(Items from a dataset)
*** Begin section ***

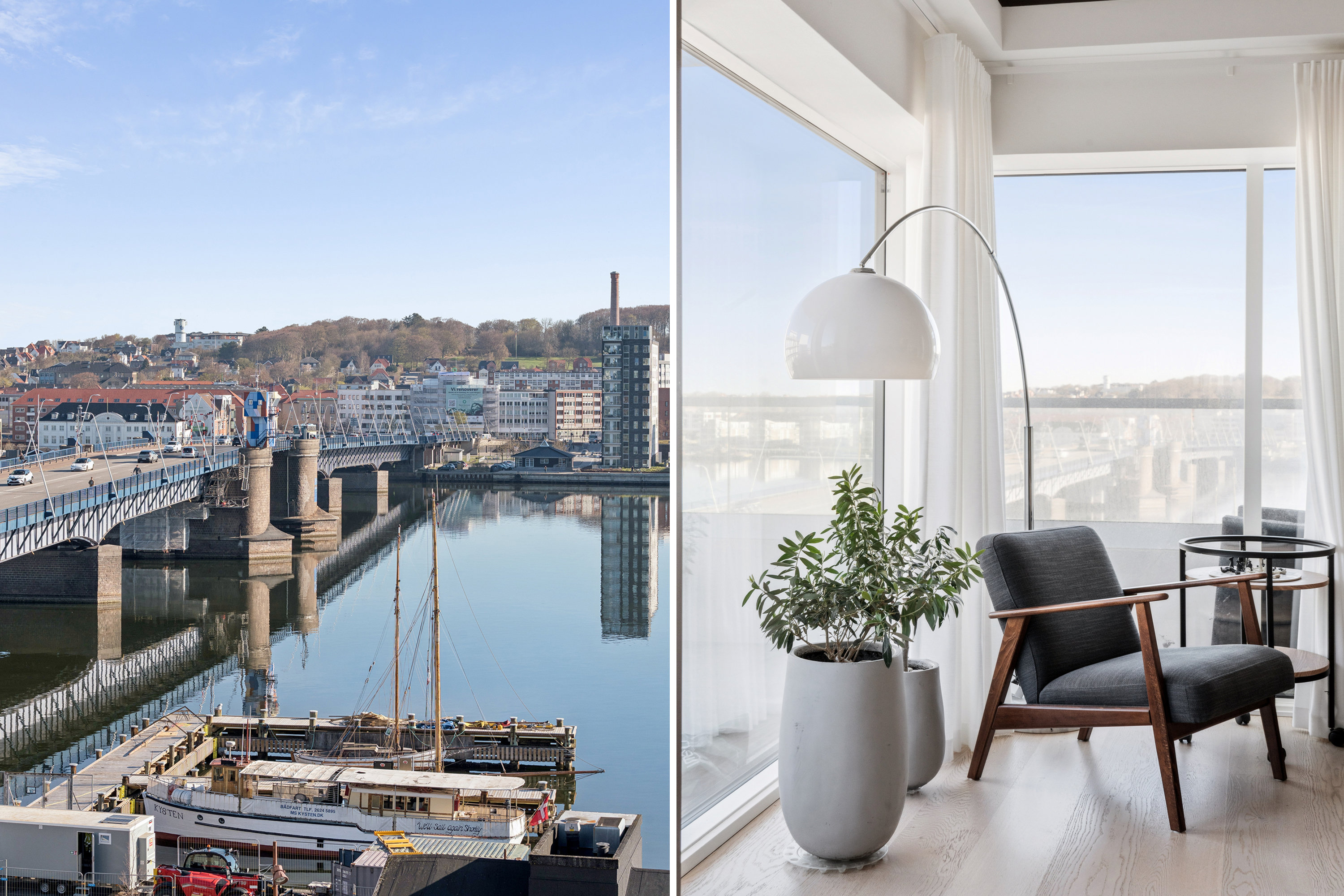 Fremhævet stue billede i fuldskærmstilstand. Billede af Strandvejen 3, 6. 1., 9000 Aalborg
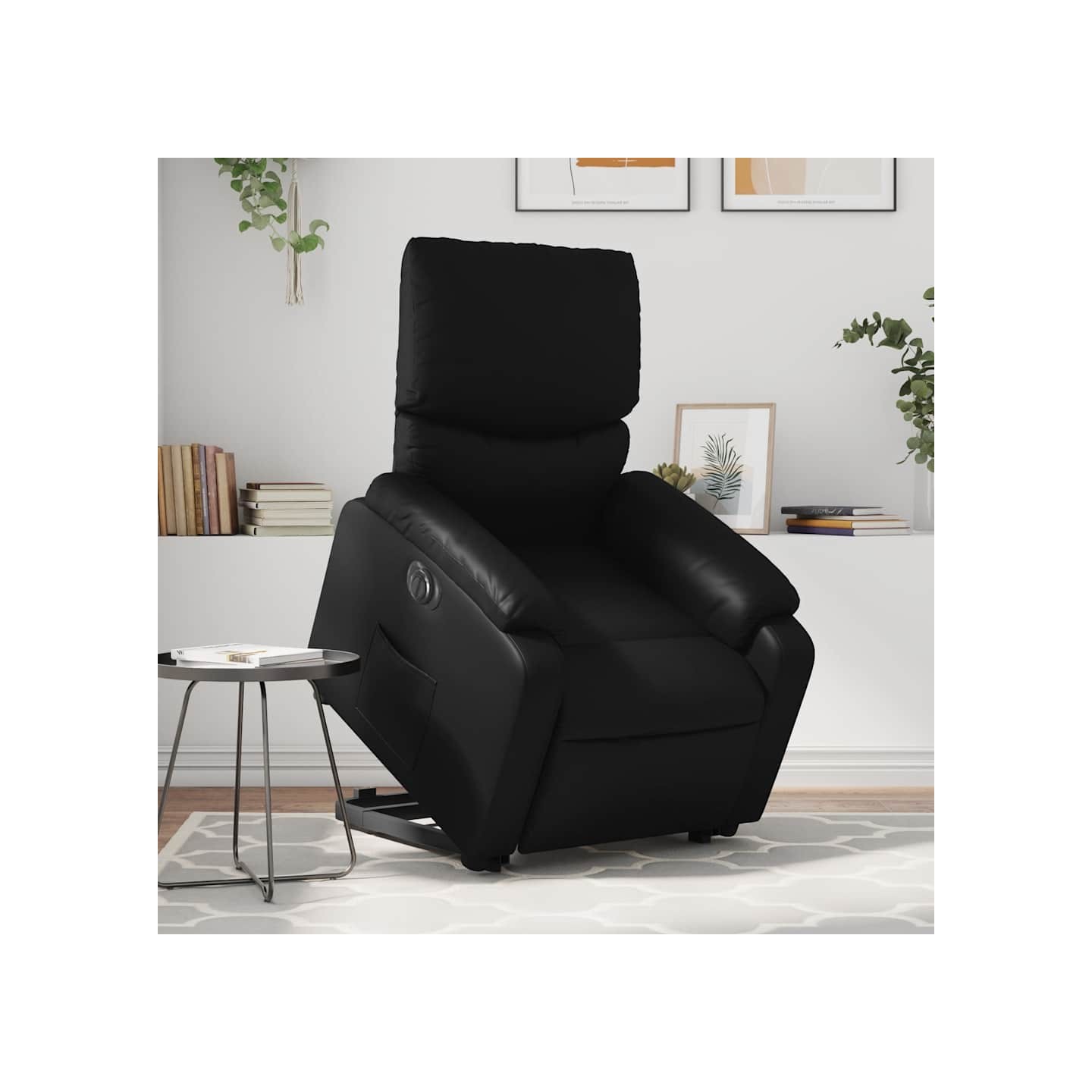 Fauteuil inclinable électrique noir similicuir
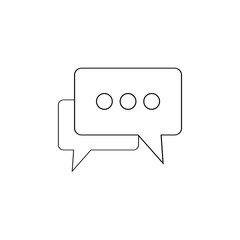 Chat icon, dialog symbol. Flat design. Message sign. Chat bubble Vector illustration.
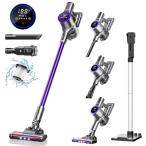 ショッピング掃除機 コードレス 強力 掃除機 コードレス2024革新モデル!45Kpa超強力吸引&ホコリ自動検知＆LED液晶ディスプレイ&収納スタント付きコードレス掃除機 軽量 サイクロン550Ｗ 6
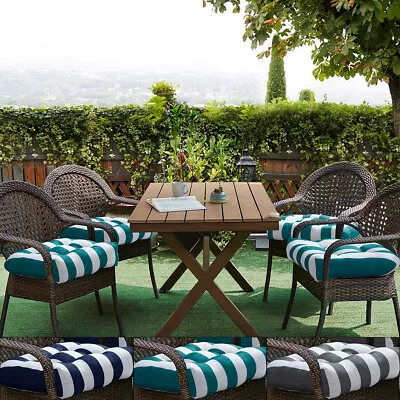 Havana Striped Tufted Patio Seat Cushion 2 4 6 Or 12 Pack • $31.49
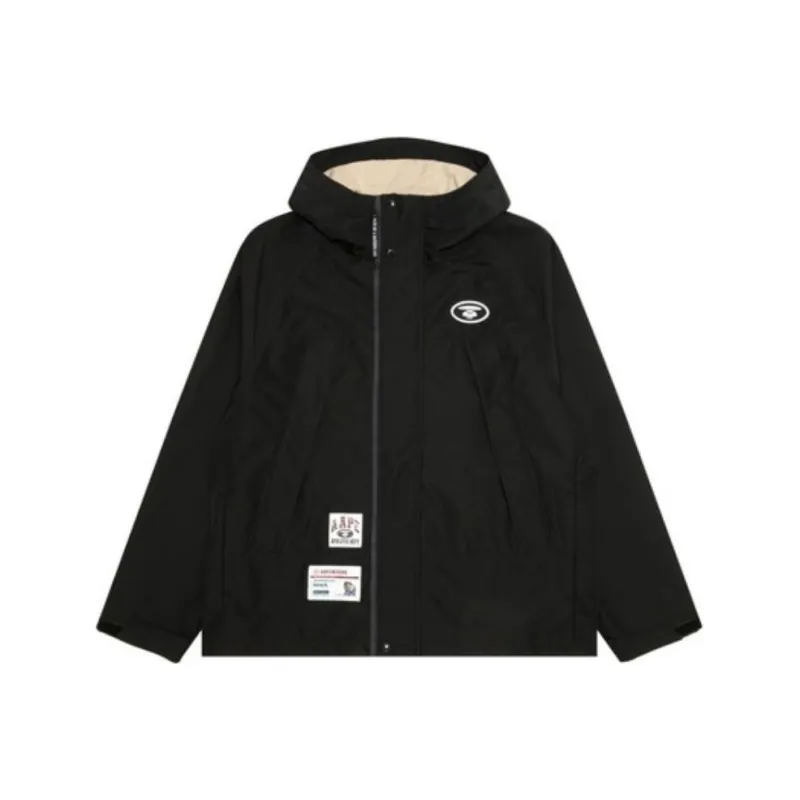 Aape Logo Hooded Windbreaker Jacket-0
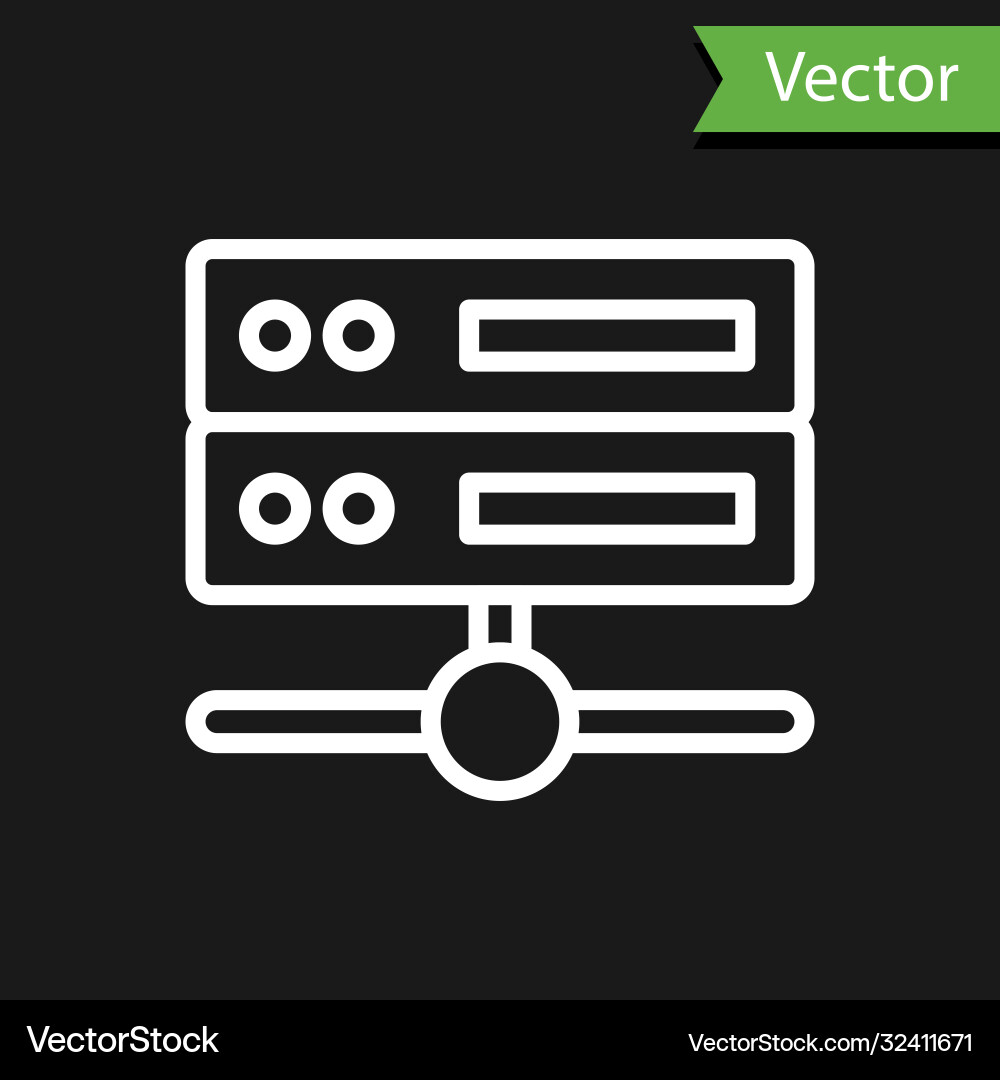 White Line Server Daten Web Hosting-Symbol isoliert White Line Server Daten Web Hosting-Symbol isoliert vektorbild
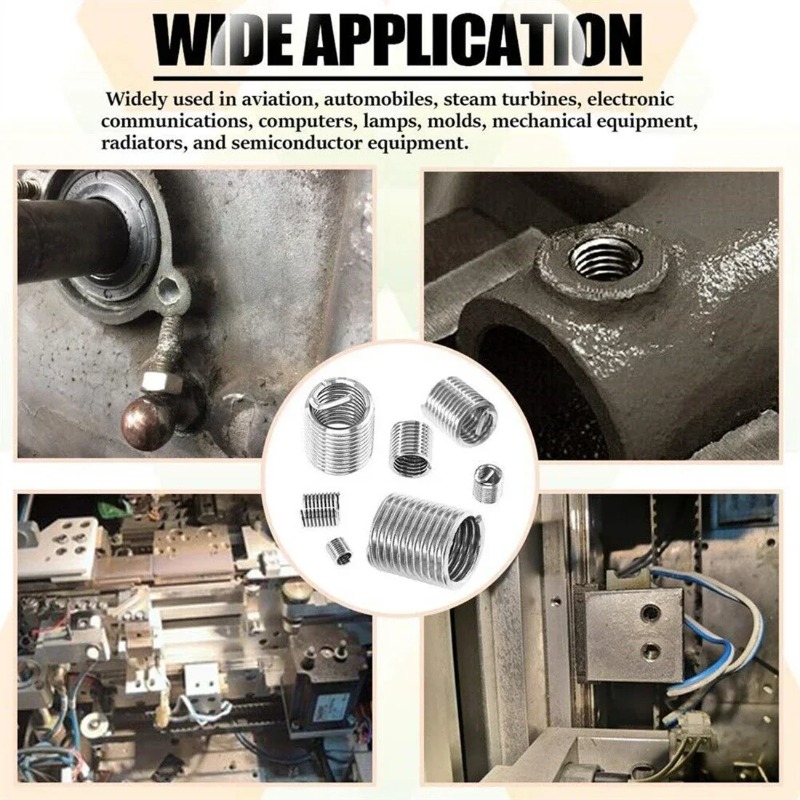 60-teiliges Spiraldraht-Gewind – Woodworking Finishing Bewertung und Preis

*** End section ***

* [Description of the task]
Reproduce only the lines from the line that holds "Havana Striped Tufted" through the end of the records, exactly as they stand, both ends included and pictures excluded.

* [Your response]
 Havana Striped Tufted Patio Seat Cushion 2 4 6 Or 12 Pack • $31.49
 Aape Logo Hooded Windbreaker Jacket-0
 White Line Server Daten Web Hosting-Symbol isoliert White Line Server Daten Web Hosting-Symbol isoliert vektorbild
 60-teiliges Spiraldraht-Gewind – Woodworking Finishing Bewertung und Preis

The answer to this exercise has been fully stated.